Data Data for this study comes from the Gapminder World Dataset collected by the Gapminder Foundation. The Gapminder World Dataset contains data collected from more than 200 countries/areas for more 500 variables.

Description of Variables Below is the description of the variables

Internet User Rate

The internet use rate of a country was collected by the World Bank in their World Development Indicators.
Income per Person

Income per person is simply Gross Domestic Product per capita (the country’s total, country-wide income divided by the population)
Continents (I will use this data to get Asian contries from gapminder)

First, Start with import

import pandas as pd
import seaborn as sns
import matplotlib.pyplot as plt
import statsmodels.formula.api as smf

/usr/local/lib/python3.6/dist-packages/statsmodels/tools/_testing.py:19: FutureWarning: pandas.util.testing is deprecated. Use the functions in the public API at pandas.testing instead.
  import pandas.util.testing as tm

Second, load the data

load gapminder dataset

I will be using url to get the data online

# df as dataframe from gapminder dataset
url = 'https://raw.githubusercontent.com/daddyawesome/Coursera_Capstone/master/data/gapminder.csv'
df = pd.read_csv(url)

df.head()

# df_continent as dataframe for teh continent data set
url2='https://raw.githubusercontent.com/dbouquin/IS_608/master/NanosatDB_munging/Countries-Continents.csv'
df_continent = pd.read_csv(url2)
df_continent = df_continent.rename(columns={'Country': 'country'})
df_continent.head()

let's merge the two dataframe `df` and `df_continent`

df_outer = pd.merge(df_continent, df, on='country', how='outer')

df_outer.head()

New DataFrame for Analysis

We create a dataframe sub out from the merge dataframe df_outer to create a dataframe that only contains our needed data

sub = df_outer[['Continent','incomeperperson','internetuserate']].dropna()
sub.head()

Set the variables to numeric

sub['internetuserate'] = sub['internetuserate'].apply(pd.to_numeric, errors='coerce')
sub['incomeperperson'] = sub['incomeperperson'].apply(pd.to_numeric, errors='coerce')

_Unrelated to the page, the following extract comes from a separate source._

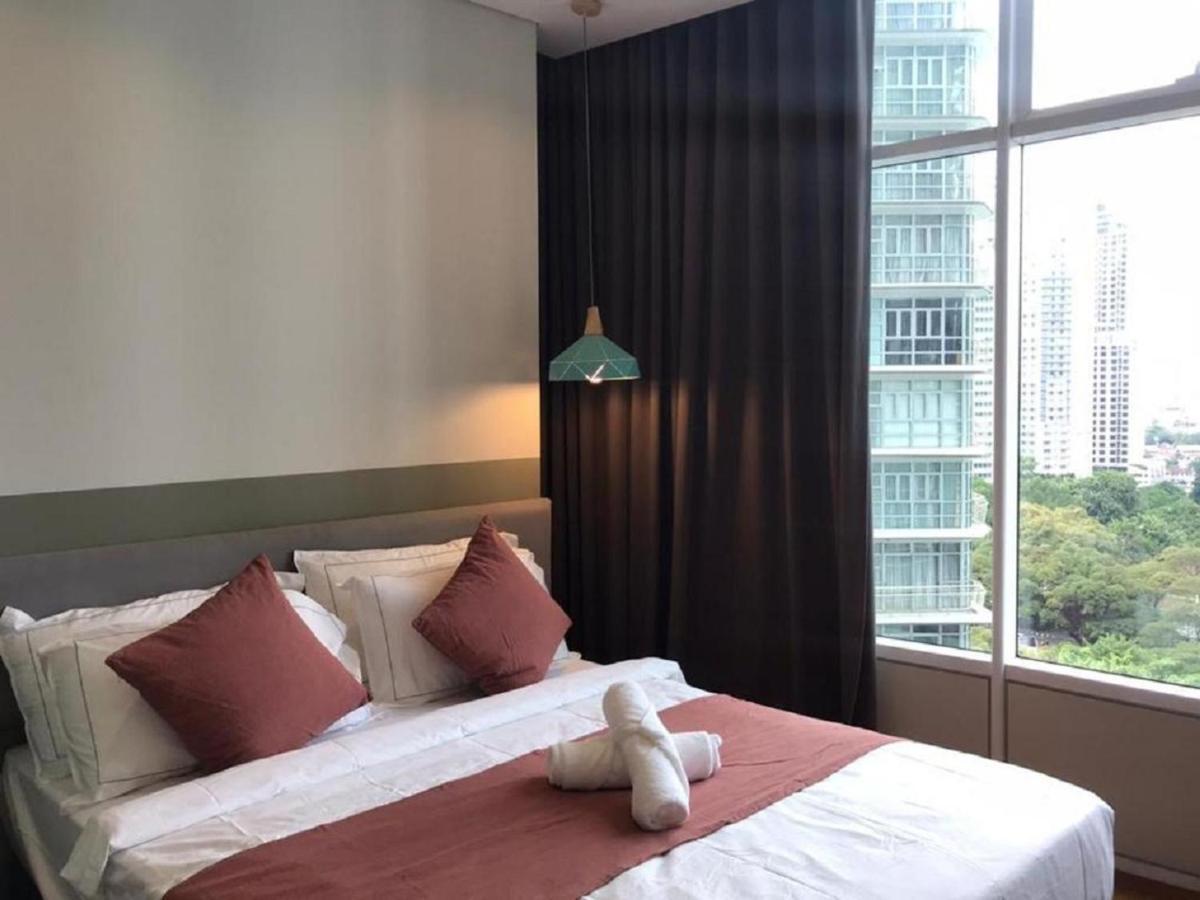 The Sky Suites Klcc Куала Лумпур Екстериор снимка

We only need Asian countries so we create another datframe for asian countire we names it sub_asia

# creating New DataFrame For Each Continents
df_clean=sub.dropna()
sub_asia=df_clean[(df_clean['Continent']== 'Asia')]
sub_asia.head()

Center the explanatory variable;

ie, set the mean of the data to equal zero

data_centered = sub_asia.copy()
data_centered['incomeperperson'] = data_centered['incomeperperson'].subtract(data_centered['incomeperperson'].mean())
print ('Mean of', data_centered[['incomeperperson']].mean())

Mean of incomeperperson    1.162132e-12
dtype: float64

The mean is not exactly 0 due to errors in float representation

Run scatterplot of internetuserate with centered incomeperperson

scat1 = sns.regplot(x="incomeperperson", y="internetuserate", scatter=True, data=data_centered)
plt.xlabel('Income Per Person')
plt.ylabel('Internet Use Rate')
plt.title ('Scatterplot for the Association Between Income Per Person and Internet Use Rate in Asia')
plt.show()

OLS regression model for the association between income per person and internet use rate

reg1 = smf.ols('internetuserate ~ incomeperperson', data=data_centered).fit()
reg1.summary()

Note that the majority of data points are clustered near, but below, 0 with a long tail reaching to the right. This is in agreement with the mean centered at 0 and also indicative that the vast majority of countries have low incomes with a few having very, very high incomes.

The results indicate that income per person is significantly and positively associated with internet use rate in a country according to the equation [internet use rate] = .002 * [income per person] + 30.362. I suspect a linear regression line is not the best fit possible, the curve does appear to be logarithmic in shape; but for the sake of this demonstration a linear line is fine.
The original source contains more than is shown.